====== Dataset extract ======

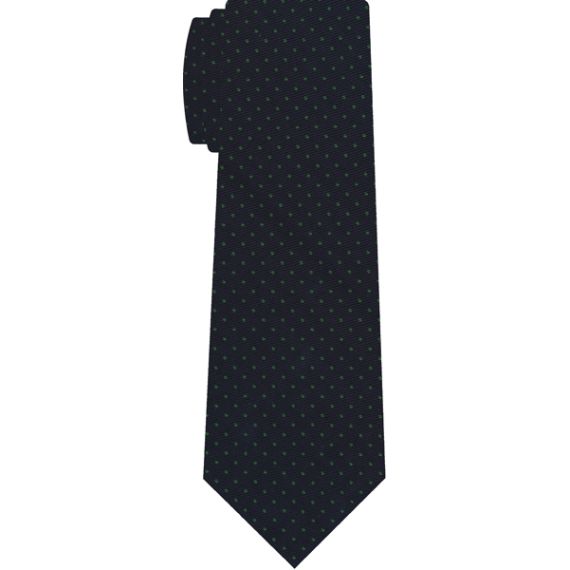 {[en]:Forest Green on Midnight Blue Macclesfield Print Silk Tie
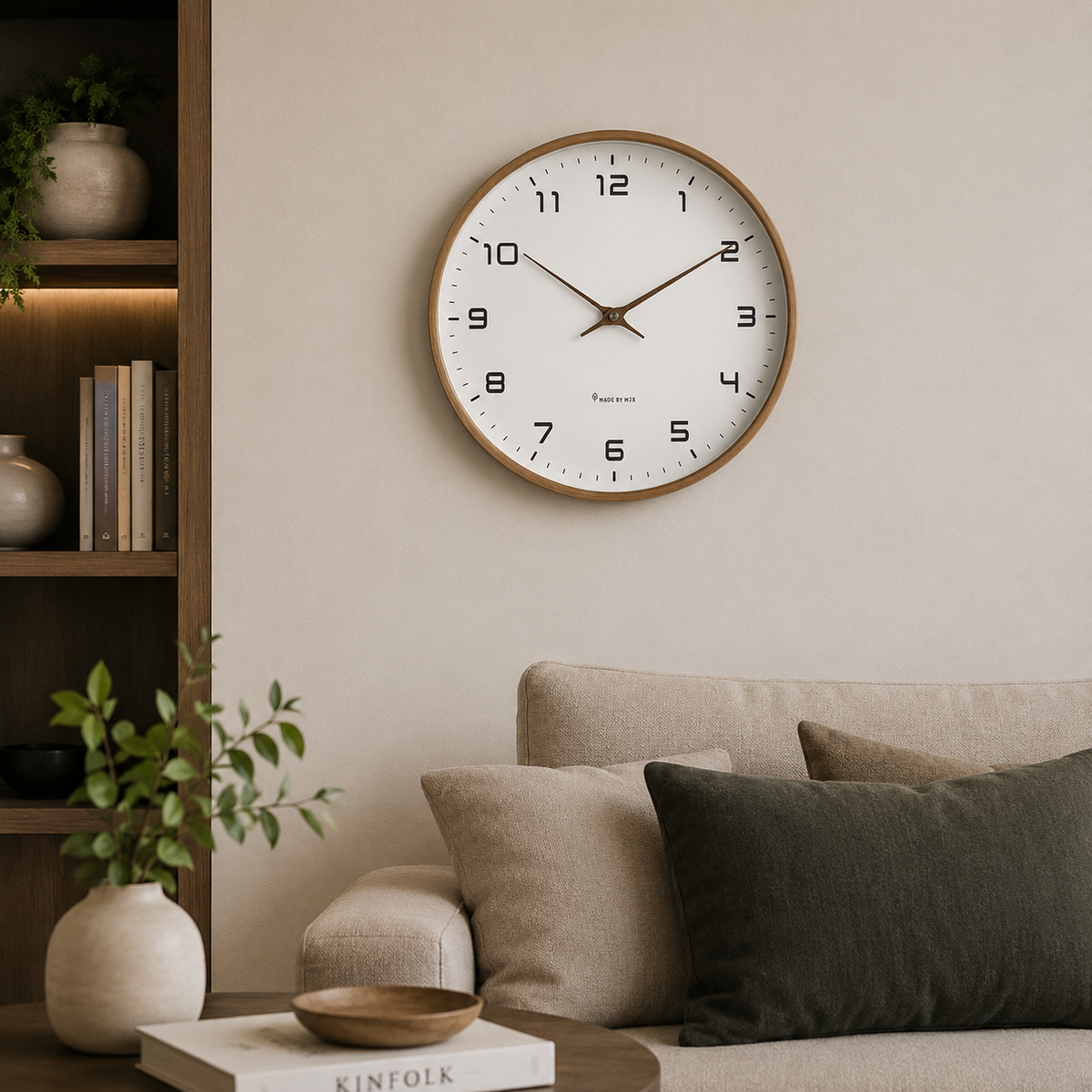 Wall Clock Solid Wood 25x25 cm or 30x30 cm | Scandinavian Style, Brown or Cream | Silent Sweep Movement, Battery Powered 1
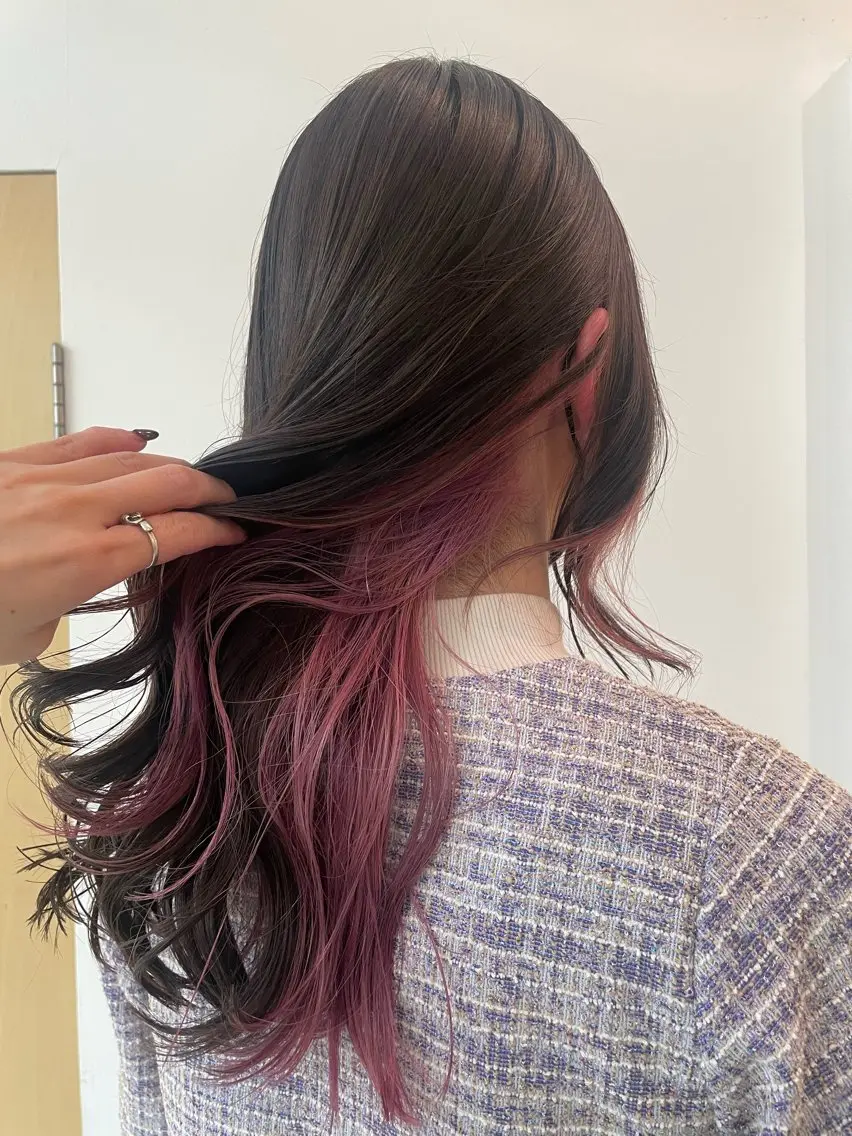 ロング カラー ブリーチ グレージュ ピンクカラー ヘアカラー 福田千尋/インナー カラー/縮毛矯正のヘアスタイル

======

What you have to do
Every line above must appear in the answer unchanged, and no picture may appear in it.

Response to this exercise
 {[en]:Forest Green on Midnight Blue Macclesfield Print Silk Tie
 Wall Clock Solid Wood 25x25 cm or 30x30 cm | Scandinavian Style, Brown or Cream | Silent Sweep Movement, Battery Powered 1
 ロング カラー ブリーチ グレージュ ピンクカラー ヘアカラー 福田千尋/インナー カラー/縮毛矯正のヘアスタイル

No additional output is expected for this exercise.